**Task instructions**: Two lines mark the range in the entries below: the one holding "Clip in Hair Extensions Moresoo Natural Black Human Hair Clip" and the one holding "Knitted Stripe Pointelle LS Blouse". Set down those two and all lines between them, exactly.

START Provided data

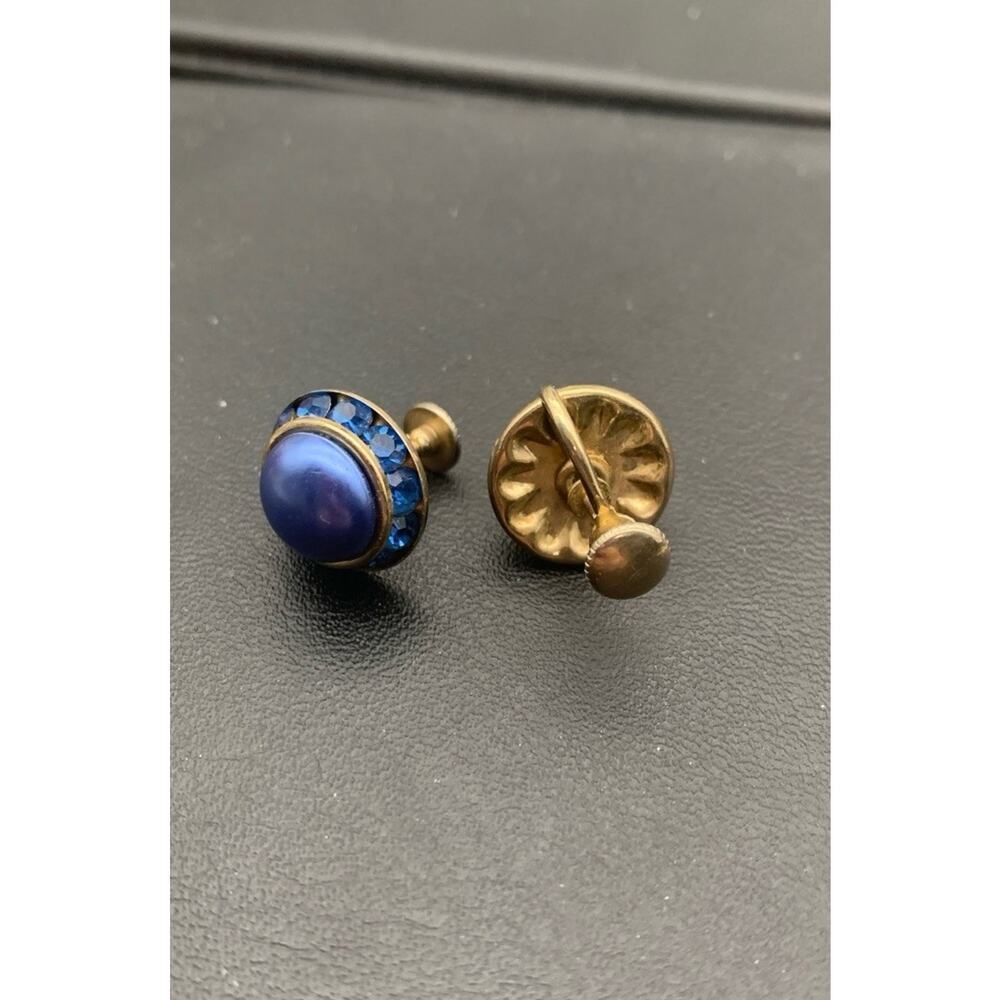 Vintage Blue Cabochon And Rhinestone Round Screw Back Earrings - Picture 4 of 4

END Provided data
START Provided data

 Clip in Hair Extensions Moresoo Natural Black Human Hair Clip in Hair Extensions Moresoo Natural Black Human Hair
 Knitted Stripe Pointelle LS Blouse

END Provided data

**Answer section**:
 Clip in Hair Extensions Moresoo Natural Black Human Hair Clip in Hair Extensions Moresoo Natural Black Human Hair
 Knitted Stripe Pointelle LS Blouse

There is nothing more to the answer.